De man voert hiertegen verweer en stelt dat de vrouw het krediet is aangegaan nadat partijen feitelijk uit elkaar waren en het voor hem verborgen heeft gehouden. De vrouw heeft met dit krediet uitsluitend uitgaven gedaan en geldbedragen opgenomen ten behoeve van zichzelf. Rond de peildatum heeft zij het krediet volledig afgelost uit middelen die niet uit het inkomen van de vrouw afkomstig kunnen zijn. Naar maatstaven van redelijkheid en billijkheid is het onaanvaardbaar dat hij zal moeten bijdragen aan een aflossing die de vrouw niet zelf kan hebben gedaan.

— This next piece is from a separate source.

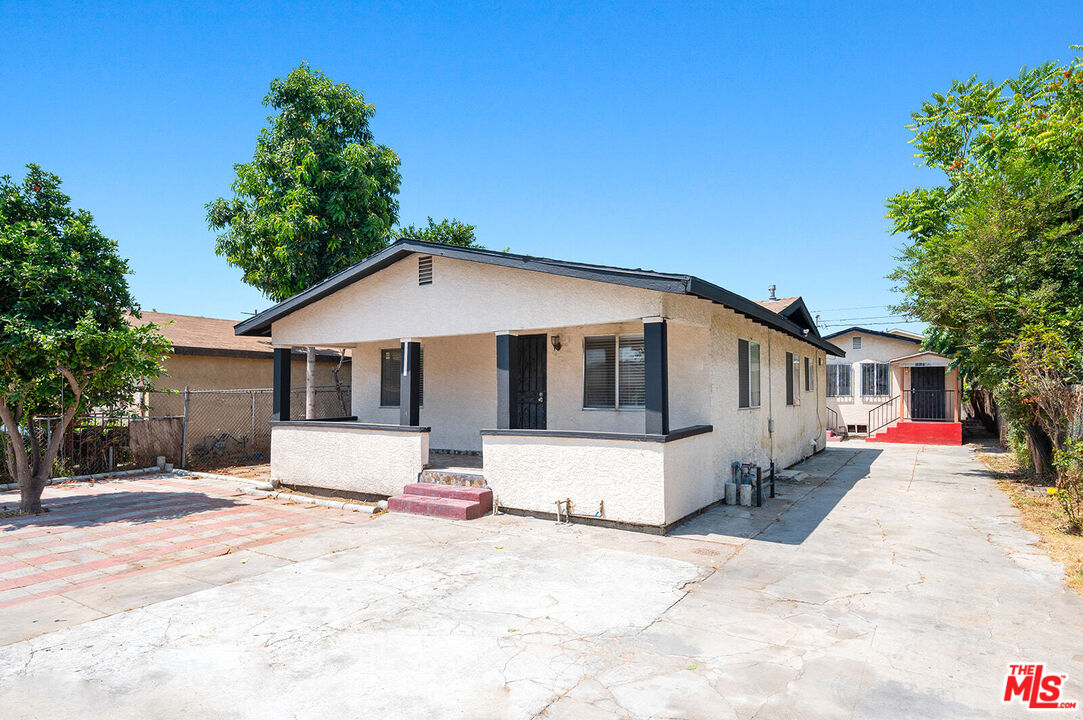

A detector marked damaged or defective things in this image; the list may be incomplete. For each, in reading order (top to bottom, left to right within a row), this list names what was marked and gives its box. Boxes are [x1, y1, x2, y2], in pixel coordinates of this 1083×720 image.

Het hof is van oordeel dat de door de man opgevoerde redenen onvoldoende zijn om af te wijken van het wettelijke uitgangspunt dat partijen gezamenlijk aansprakelijk zijn voor hun huwelijkse schulden die naar Nederlands recht zijn ontstaan. Dat de vrouw van de creditcard uitgaven heeft gedaan ten behoeve van haarzelf maakt de situatie niet anders. De vrouw heeft de zorg voor de kinderen van partijen en gebleken is dat de man tot op heden zijn alimentatieverplichting niet is nagekomen. De vrouw beschikt derhalve sinds het uiteengaan van partijen over minder financiële middelen dan waarover zij gewend was te beschikken gedurende het huwelijk van partijen. Deze grief van de vrouw slaagt eveneens en het hof zal daarom bepalen dat de man aan de vrouw in het kader van de verdeling van de huwelijksgoederengemeenschap nog een bedrag van € 499,11 ter zake [rekening] aan de vrouw dient te voldoen.
5.27
Het hof zal de proceskosten in hoger beroep compenseren, nu partijen gewezen echtgenoten zijn en de procedure onder meer de bijdrage aan de kinderen en de bijdrage in het levensonderhoud van de vrouw betreft.
5.28
Het hof heeft een berekening van de draagkracht van de man en de vrouw gemaakt. Een gewaarmerkt exemplaar van deze berekeningen is aan deze beschikking gehecht en maakt daarvan deel uit.

6.De beslissing

Het hof, beschikkende in het principaal en het incidenteel hoger beroep:
vernietigt de beschikking van de rechtbank Overijssel, zittingsplaats Almelo, van 26 november 2015, ten aanzien van de kinderalimentatie en de schuld bij [bedrijf 1] , aan [bedrijf 2] , [rekening] , [rekening] , en in zoverre opnieuw beschikkende:
bepaalt dat de man aan de vrouw met ingang van 27 november 2014 als bijdrage in de kosten van verzorging en opvoeding van de kinderen van partijen € 110,- per kind per maand - geïndexeerd met ingang van 1 januari 2015 € 110,88, met ingang van 1 januari 2016 € 112,32 en met ingang van 1 januari 2017 € 114,68 per kind per maand - zal betalen, de toekomstige termijnen telkens bij vooruitbetaling te voldoen;
bepaalt in het kader van de verdeling van de huwelijksgoederengemeenschap dat de voorhuwelijkse schulden van partijen bij [bedrijf 1] , aan [bedrijf 2] (€ 953,44), aan [rekening] (€ 2.269,37) en [rekening] (€ 1.905,77) niet in de huwelijksgoederengemeenschap vallen en buiten de verdeling blijven;
bepaalt dat de man in het kader van de verdeling van de huwelijksgoederengemeenschap een bedrag van € 499,11 ter zake de [rekening] aan de vrouw is verschuldigd;
verklaart deze beschikking tot zover uitvoerbaar bij voorraad;
compenseert de kosten van het geding in hoger beroep;
wijst het meer of anders verzochte af.
Deze beschikking is gegeven door mrs. A. Smeeïng-van Hees, K.J. Haarhuis en B.F. Keulen, bijgestaan door de griffier, en is op 25 april 2017 uitgesproken in het openbaar in tegenwoordigheid van de griffier.